• _TASK STATEMENT_: Please write out every record exactly, but keep any images out of it.

• _DATA PROVIDED_:
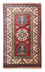 Ziegler Teppich - Kazak 96 x 57 cm - rot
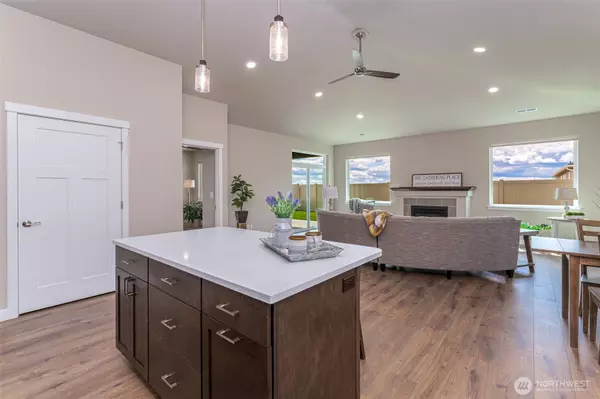 Quincy, WA 98848,816 N M Loop DR SW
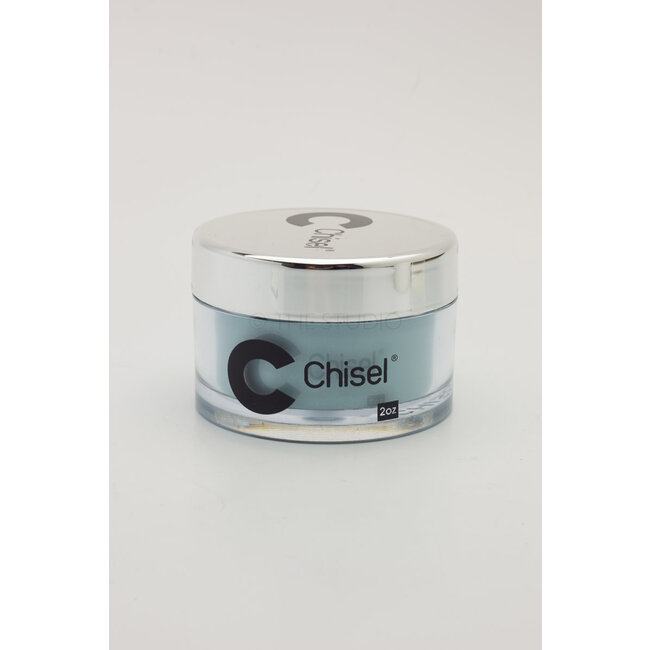 Chisel Chisel - Solid 074 - AIO Powder - 2 oz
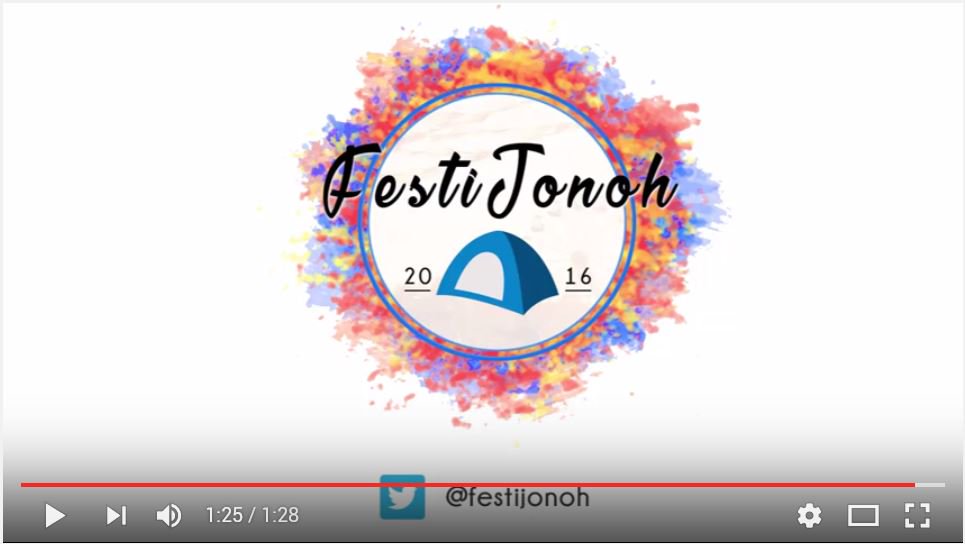 festijonoh tweet picture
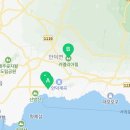 안덕소방서(안덕119센터) 2 이미지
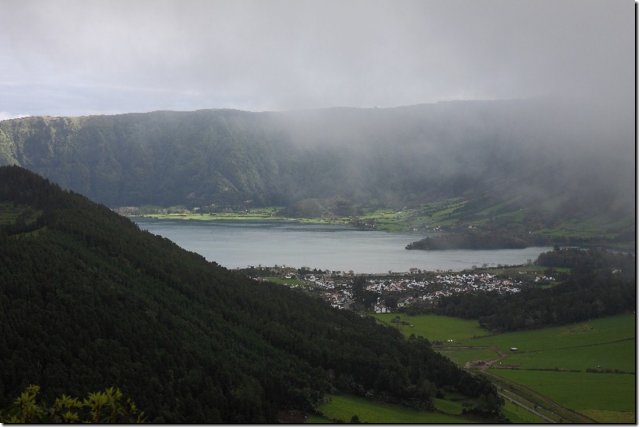 acores_0725.jpg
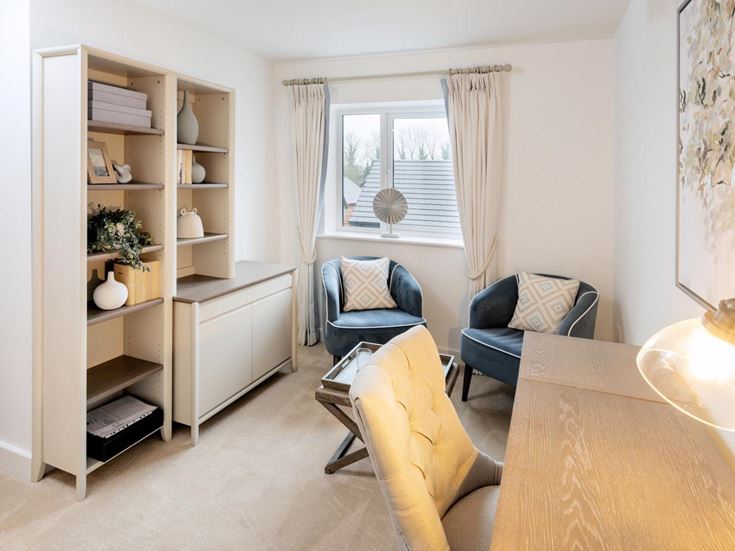 Strawberry-Hill-Gardens-Retirement-Cottage-Sale-Property-09-Gallery-9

• _RESULT FOR THIS TASK_:
 Ziegler Teppich - Kazak 96 x 57 cm - rot
 Quincy, WA 98848,816 N M Loop DR SW
 Chisel Chisel - Solid 074 - AIO Powder - 2 oz
 festijonoh tweet picture
 안덕소방서(안덕119센터) 2 이미지
 acores_0725.jpg
 Strawberry-Hill-Gardens-Retirement-Cottage-Sale-Property-09-Gallery-9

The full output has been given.